2021年08月21日 | 今日の一枚(W-X)
◎今日の一枚 534◎
Wings
Over America
 入院中である。術後の経過はいい。点滴も昨日で終わったようだ。
 退屈だ。ネット動画もつまらない。第一、そんなに見たら制限を超えてしまう。やはり、本を読むか、音楽を聴くかしかないようだ。次に入院するときはkindleを持参しよう。もう購入してあるのだが、今回は間に合わなかったのだ。病室に居ながらにして、本を手に入れることができるのは魅力である。apple musicが大活躍である。ChillやFavorites, Mixのほか、ステーションの機能も利用して楽しんである。ただ、コンピレーションもいいが、時間があるのだから、やはりアルバムをじっくり聴きたい、と思った私はやはり古いタイプのおじさんなのだろう。そんな訳で、昨日の午後から夜にかけて、いくつかの古いロックのアルバムをダウンロードして聴いてみた。病室のベッドに横になり、ただ目をつぶってステレオイヤホンでじっと聴いた。
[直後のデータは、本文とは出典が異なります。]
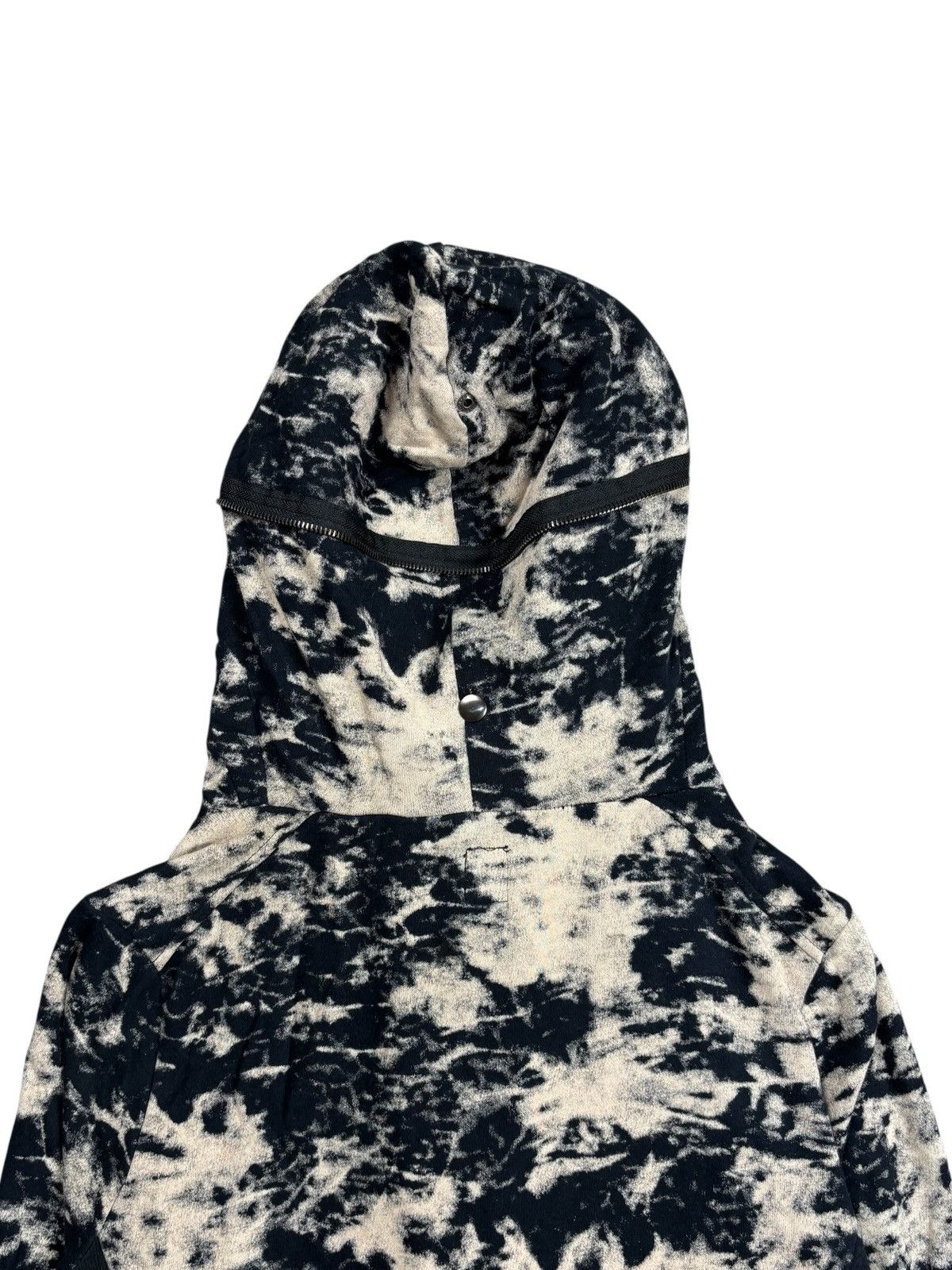 Le Grande Bleu (L.G.B.) 2000s Semantic Design - Marble Dyed Alien Zip Hoodie Size US M / EU 48-50 / 2 - 10 Thumbnail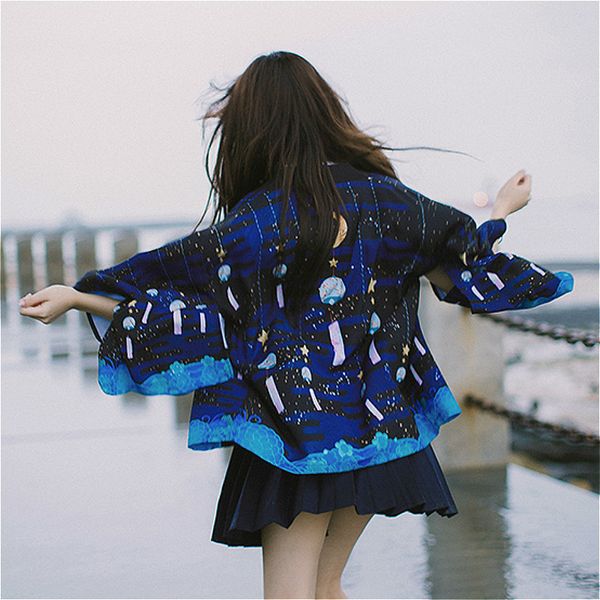 lovely kimono blouse women cardigan japanese kimono women mujer boho clothing summer casual blusas chiffon moon print, White
lovely kimono blouse women cardigan japanese kimono women mujer boho clothing summer casual blusas chiffon moon print, White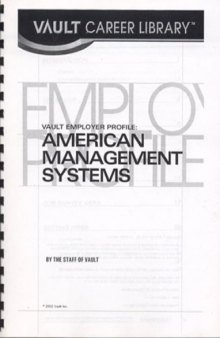 VEP: American Management Systems 2003 (Vault Employer Profile)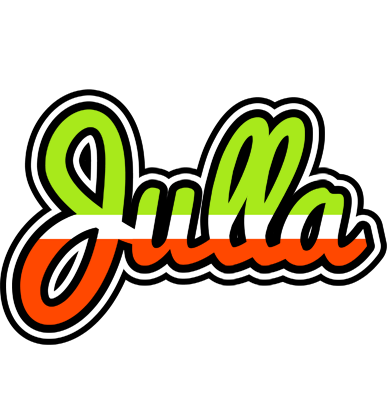 Julla superfun logo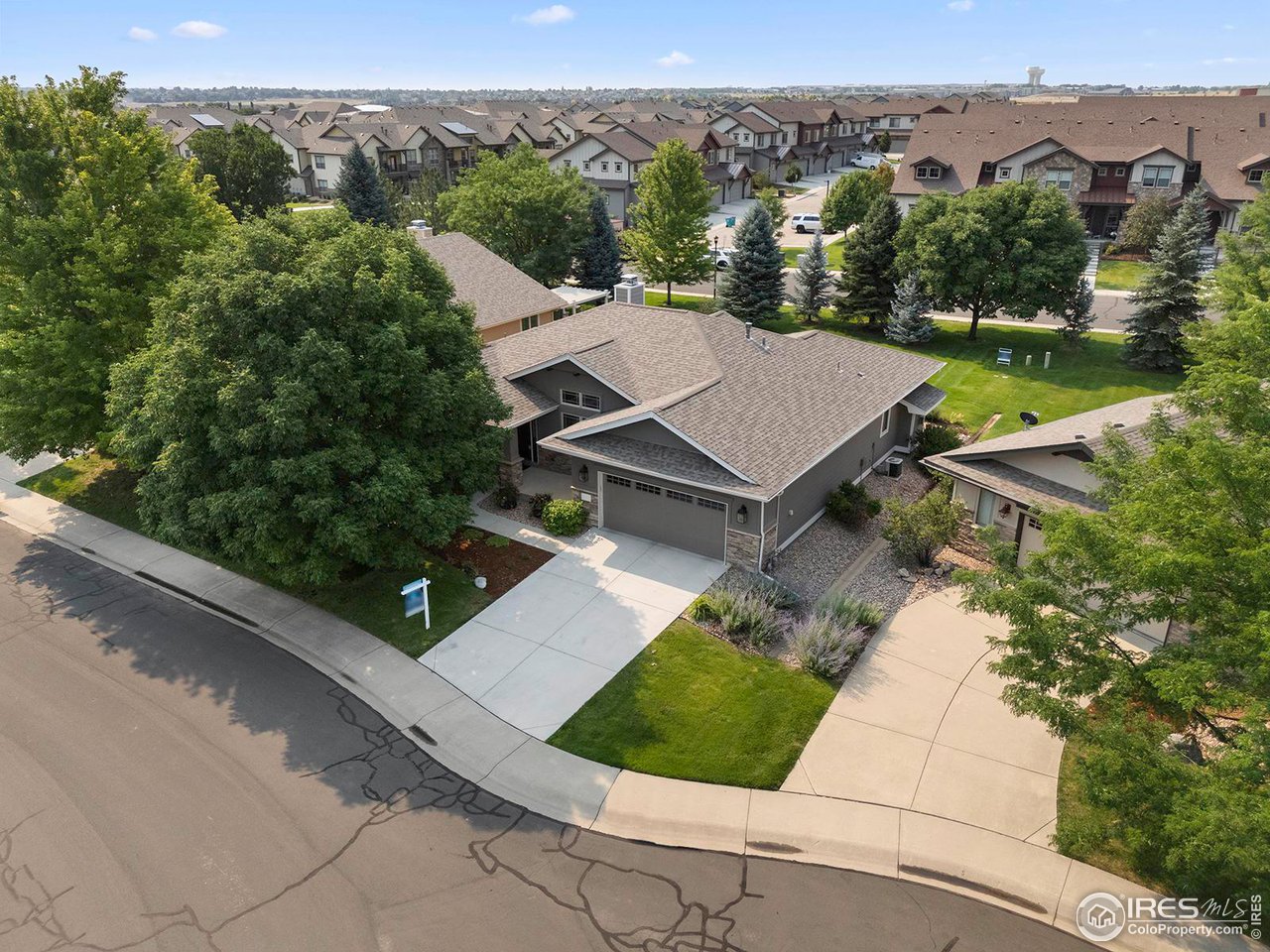 6427 Half Moon Bay Drive Windsor, CO 80550 - Photo 3 of 33 an aerial view of a house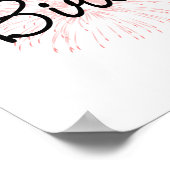 Happy Birthday Firworks Poster (Ecke)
 今日の一枚は、ポール・マッカートニー&ウイングスのWings Over Americaである。1976年リリース作品である。同時代には、「USAライブ」と呼ばれていたように思う。中学生の頃、手に入れたかったアルバムだったが、3枚組という高価なものでとても手が出なかった。たまたま買うことができた友人からテープに録音してもらい、そのうちエアチェックしたりして、とりあえず満足してしまった。だから、今日に至るまで所有していないし、恐らくは購入することはないだろう。その意味でも、apple musicはありがたい。
 全28曲通して聴いたのは、恐らく初めてだと思う。ジミー・マッカロクの加入によって、よりロック色が濃くなったサウンドは好ましい。このギタリストがヘロイン中毒で亡くなってしまったのは本当に残念だ。オープニングから期待感がこみ上げてくるようなワクワクする演奏が続く。中盤はオベーションを使ったアコースティックな演奏である。やはり、ポール・マッカートニーはアコースティックギターが上手い。Bluebirdには聴き入ってしまった。BlackbirdやYesterdayといったビートルズナンバーが効果的に配されているのもいい。単なる懐メロではなく、新しい演奏として聴くに値するものだ。その優しい響きに、早く退院して自分でギターを弾きたくなった。後半に入っても、「マイ・ラブ」「あの娘におせっかい」と佳曲が続き聴き飽きしない。ただ、最後の数曲がややパワーダウンのような気がした。名曲Band On The Runは、精緻を尽くした構成のオリジナル盤の演奏を水で薄めたようで、ライブの清新さがうまく表出されていなかった気がする。最後の2曲も不完全燃焼で、えっ、これで終わっちゃうの、といった感じだった。

 いずれにしても、アルバム数枚を聴いて、退屈な時間があっという間に過ぎてしまった。入院しているという状況がなければ、経験できなかったことかもしれない。Apple musicにも感謝である。